Pictures aside, repeat the whole listing word for word.

◆ DATA EXTRACT:
[Start of Attachment]

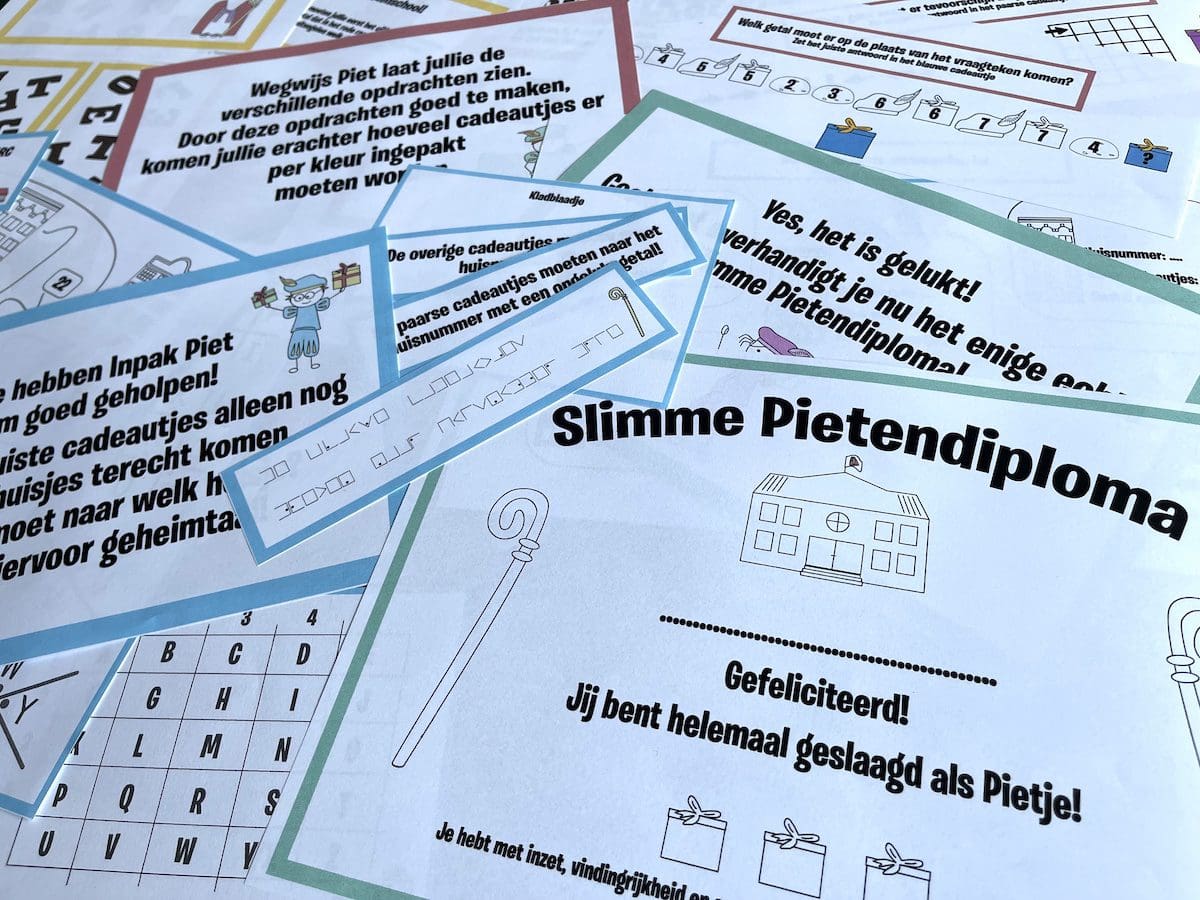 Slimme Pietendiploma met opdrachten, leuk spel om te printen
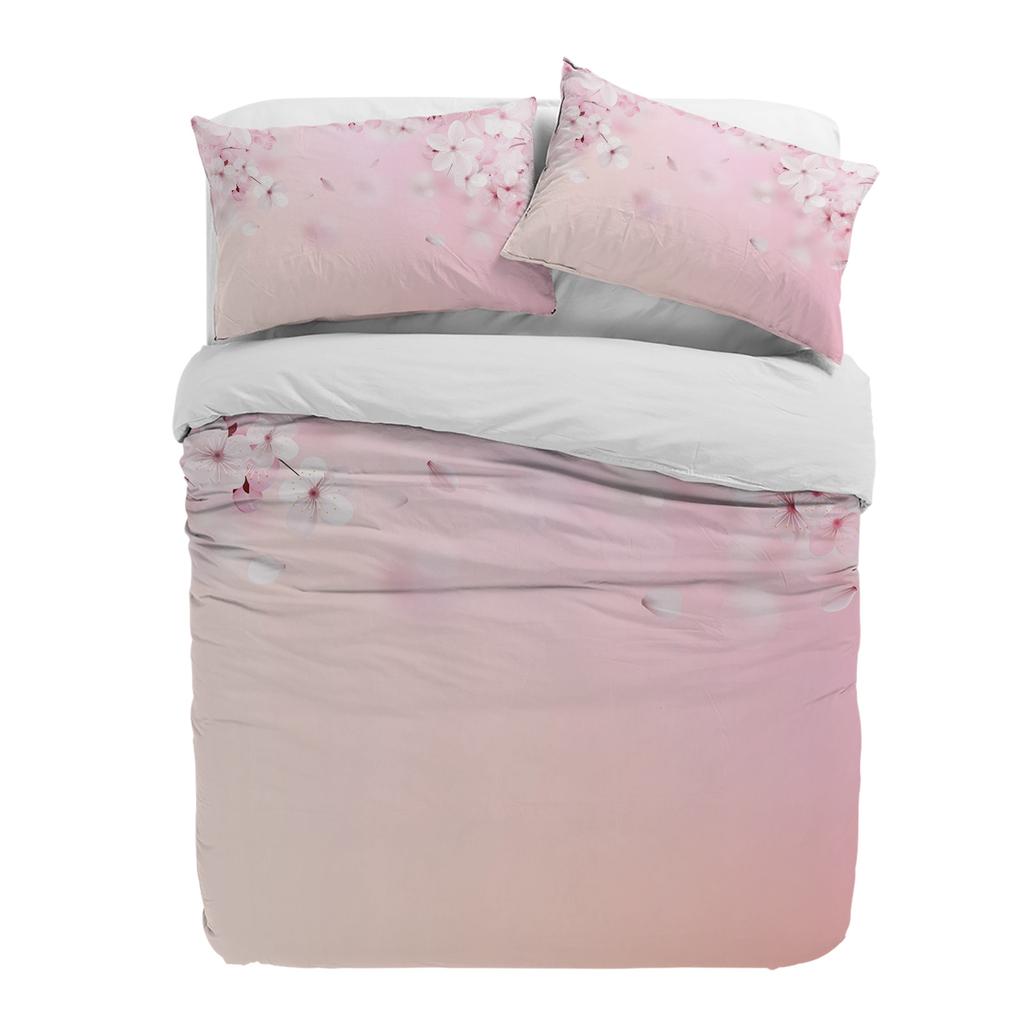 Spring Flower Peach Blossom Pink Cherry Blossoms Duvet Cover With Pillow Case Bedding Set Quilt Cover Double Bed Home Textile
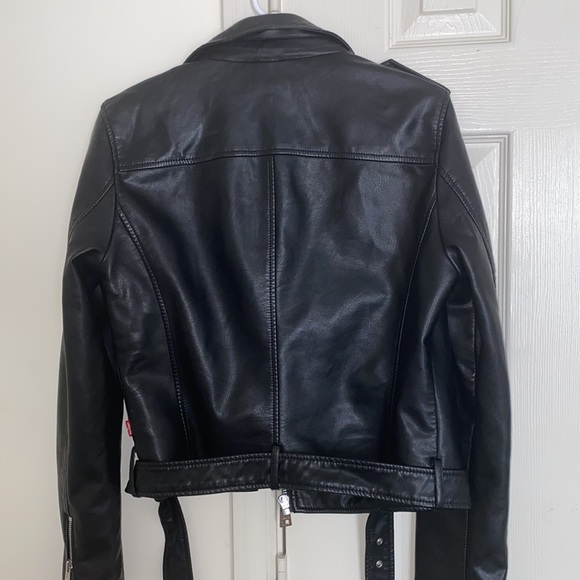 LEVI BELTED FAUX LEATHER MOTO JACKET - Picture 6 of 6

[End of Attachment]

◆ REPLY TO THE TASK:
 Slimme Pietendiploma met opdrachten, leuk spel om te printen
 Spring Flower Peach Blossom Pink Cherry Blossoms Duvet Cover With Pillow Case Bedding Set Quilt Cover Double Bed Home Textile
 LEVI BELTED FAUX LEATHER MOTO JACKET - Picture 6 of 6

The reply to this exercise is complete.